> YOUR ASSIGNMENT: A faithful copy is needed of the lines below from the one with "24119 Ashton Corona, CA" up to and including the one with "Czarna torebka crossbody"; set it down with no pictures and no other lines.

> SUPPLIED MATERIAL:
--*--

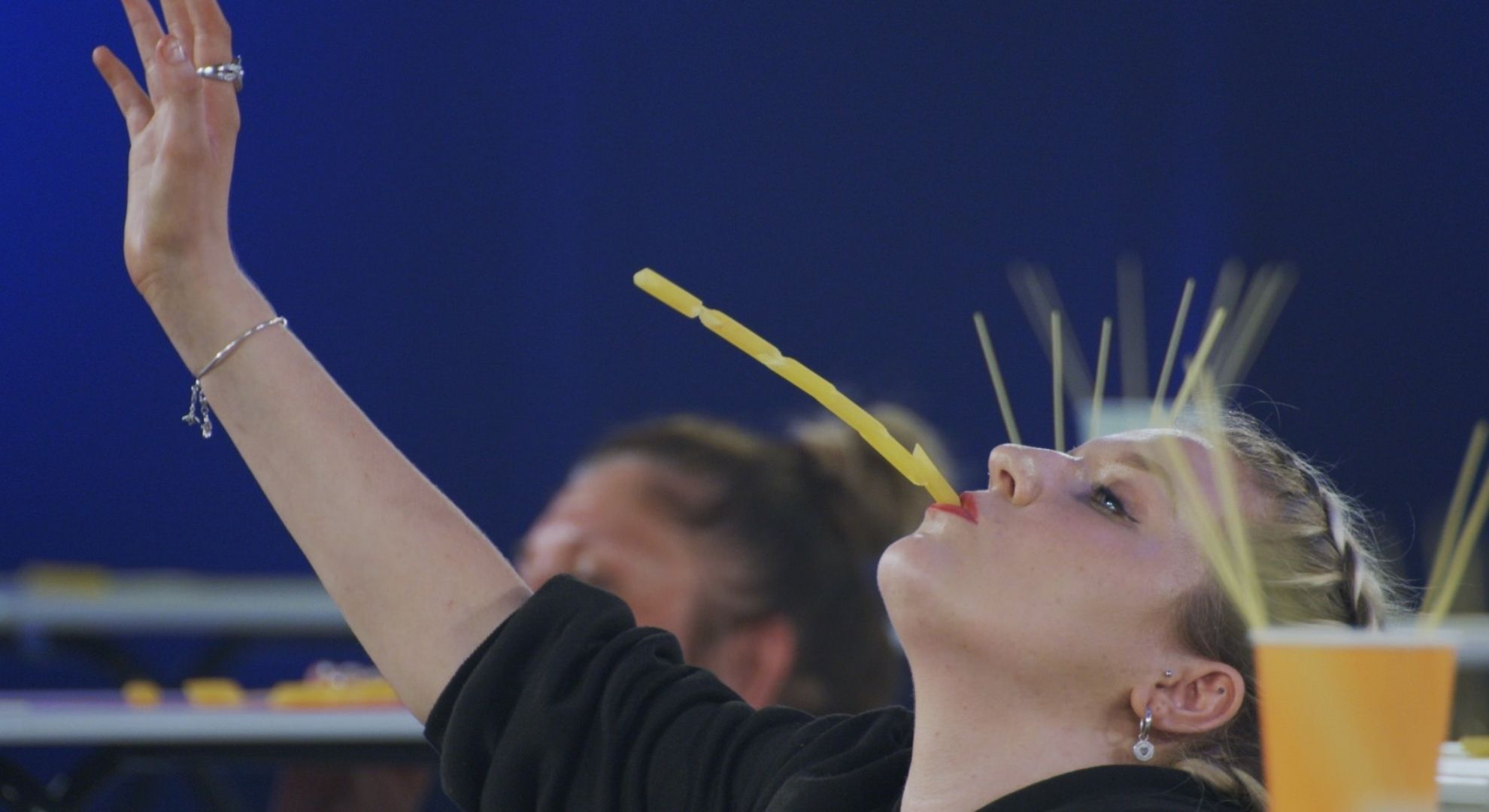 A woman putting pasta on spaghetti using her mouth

--*--

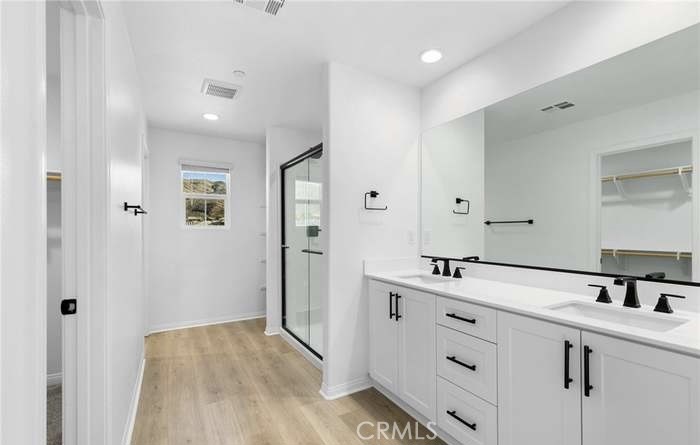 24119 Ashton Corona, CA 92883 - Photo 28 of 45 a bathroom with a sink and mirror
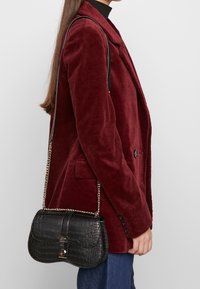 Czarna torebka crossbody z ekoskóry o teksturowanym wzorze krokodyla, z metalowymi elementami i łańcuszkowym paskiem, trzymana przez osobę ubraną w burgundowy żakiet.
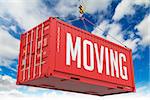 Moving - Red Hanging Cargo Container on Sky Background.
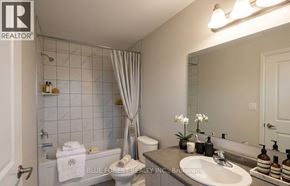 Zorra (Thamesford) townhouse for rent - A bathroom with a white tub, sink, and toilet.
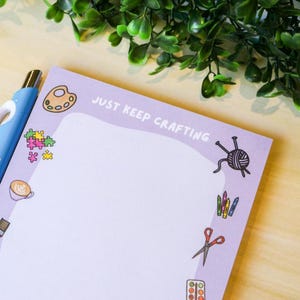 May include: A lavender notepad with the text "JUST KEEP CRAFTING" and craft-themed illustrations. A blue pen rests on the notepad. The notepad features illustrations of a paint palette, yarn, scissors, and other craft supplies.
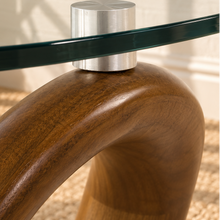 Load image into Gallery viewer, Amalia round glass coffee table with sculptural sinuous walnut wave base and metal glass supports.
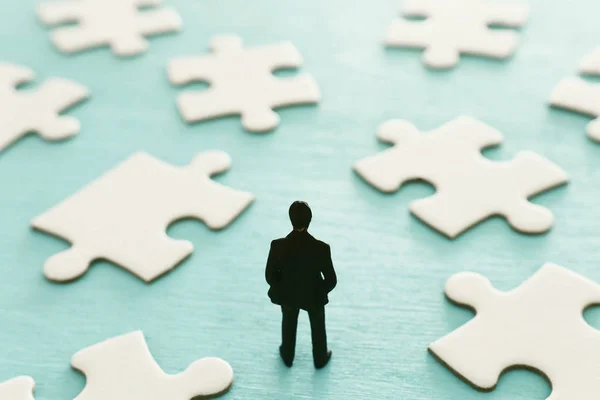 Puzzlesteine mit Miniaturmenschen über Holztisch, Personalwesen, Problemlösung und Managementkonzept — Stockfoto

--*--

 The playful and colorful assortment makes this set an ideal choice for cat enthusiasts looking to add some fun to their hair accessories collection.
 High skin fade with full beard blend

--*--

> RESPONSE TO THIS TASK:
 24119 Ashton Corona, CA 92883 - Photo 28 of 45 a bathroom with a sink and mirror
 Czarna torebka crossbody z ekoskóry o teksturowanym wzorze krokodyla, z metalowymi elementami i łańcuszkowym paskiem, trzymana przez osobę ubraną w burgundowy żakiet.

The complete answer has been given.